A bemused Dr Martin Read, chief executive, and his fellow Logica directors are still trying to work out precisely how the acquisition of an information technology company called FCC Folprecht for pounds 3.6m brought with it ownership of one Blue Ridge Dancer. The racehorse is apparently "one of the best two-year-olds in the country," according to a Logica source yesterday.

The deal could be a bargain. The horse's career winnings already amount to 4m Czech kroner, or pounds 85,000.

Obviously, as a former GEC employee, Mr Read is on his way to emulating Lord Weinstock as a fancier of fine bloodstock. The Logica Handicap, anyone?

SENSITIVE CITY deals usually require the use of code names, and National Grid's pounds 2.4bn acquisition of New England Electric System (NEES) was no exception. The Grid became "Pilgrim", while the Massachusetts-based electricity company was dubbed "Mayflower".

Sadly, NEES doesn't appear to own any racehorses. However, that didn't stop the head Pilgrim Father himself, National Grid chief executive David Jones, being in fine form yesterday.

In a tense incident in the City, the doors of the lift containing Mr Jones and his fellow directors at the London Underwriting Centre in Mincing Lane became stuck. To the awestruck admiration of his peers, Mr Jones - whose background is in engineering, immediately dropped to the floor, tinkered with the door mechanism - and hey presto, they were free.

Perhaps the moral is that we need more engineering skills in the Square Mile. Or at least more lifts that work...

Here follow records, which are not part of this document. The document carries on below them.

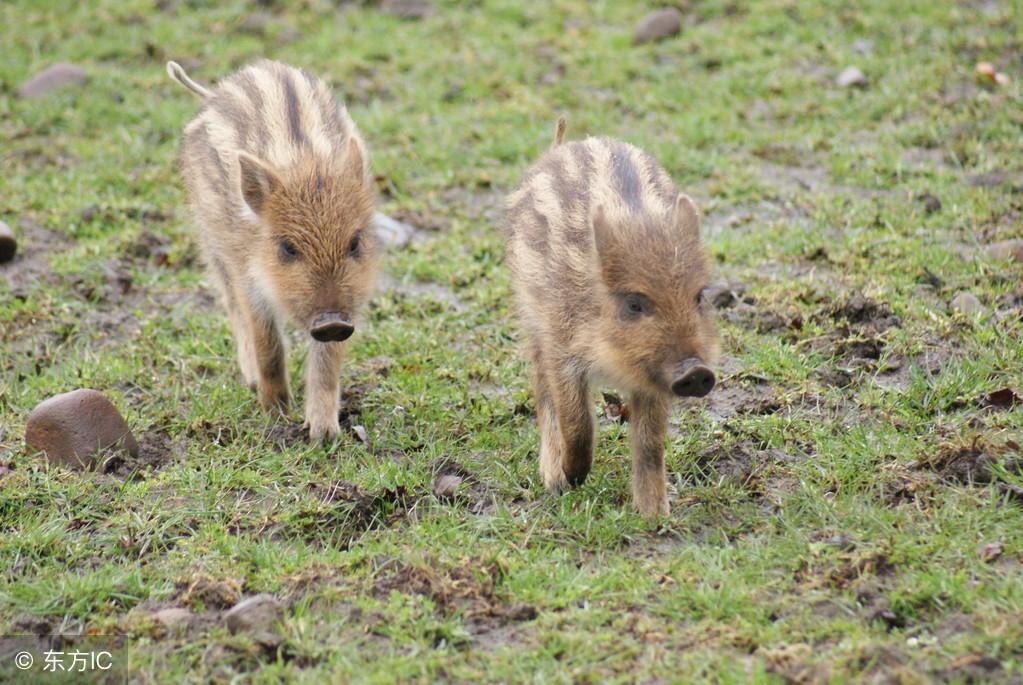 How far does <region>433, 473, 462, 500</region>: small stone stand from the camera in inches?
214

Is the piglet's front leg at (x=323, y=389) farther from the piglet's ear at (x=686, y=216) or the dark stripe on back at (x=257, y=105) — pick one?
the piglet's ear at (x=686, y=216)

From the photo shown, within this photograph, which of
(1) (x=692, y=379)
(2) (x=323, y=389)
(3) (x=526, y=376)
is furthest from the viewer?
(3) (x=526, y=376)

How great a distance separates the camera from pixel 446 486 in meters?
5.46

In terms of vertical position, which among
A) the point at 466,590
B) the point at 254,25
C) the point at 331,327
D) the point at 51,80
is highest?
the point at 254,25

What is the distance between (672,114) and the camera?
9062 millimetres

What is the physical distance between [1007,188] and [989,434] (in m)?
2.81

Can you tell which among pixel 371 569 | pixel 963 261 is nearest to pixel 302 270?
pixel 371 569

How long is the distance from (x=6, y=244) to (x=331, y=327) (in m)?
2.80

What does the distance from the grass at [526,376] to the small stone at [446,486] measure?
6 centimetres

GLYN LLOYD is defecting from Capel Cure Sharp (formerly Albert E Sharp) after two years as a top IT analyst to join Mark Loveland's IT team at Dresdner Kleinwort Benson. Mr Lloyd, who worked for IBM before entering the City, is currently on a spot of gardening leave and will start at DKB on 5 January.

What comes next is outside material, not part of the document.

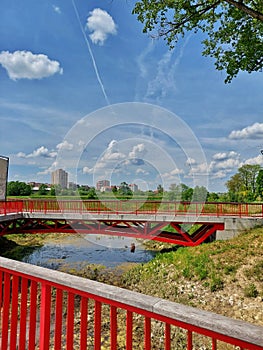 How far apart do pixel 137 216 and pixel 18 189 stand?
24.1m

A SPIN DOCTOR who stood as the Tory candidate for Berwick-upon-Tweed in last year's General Election is to be the first chief executive of Business for Sterling, the ginger group set up to campaign against Britain embracing the euro.

Nick Herbert is leaving Bell Pottinger Communications to join Lord Marsh, chairman of the pressure group, at its offices in Buckingham Gate, London. Mr Herbert is also a former director of political affairs at the British Field Sports Society.

MARTIN GRANT's revolution at Vaux Group, where he was recently appointed chief executive, is gathering pace. As Sir Paul Nicholson announced his retirement as chairman of the pubs and hotels group yesterday after 33 years with the former family company, Mr Grant heralded a new "woman-friendly" era at the group's hotels.

Sir Paul attended the analysts' meeting covering Vaux's results yesterday, but left before the journalists arrived. Mr Martin confirmed however that Sir Paul fully backed Mr Martin's strategy of selling off Vaux's two breweries and 350 tenanted pubs in the North-east.

Out go the men in cloth caps supping ale, in come professional women customers. The company has concocted a "Woman's Charter" to make their Swallow hotels more attractive and secure to women, which will include spyholes in every room door and an iron in every room.

Moreover, staff will be trained so that, when a woman goes to dinner with a man in the dining room, the man will not automatically be handed the menu with the prices. The menu will instead be placed in neutral territory on the table.

Just don't go asking for a pint of Newcastle Brown.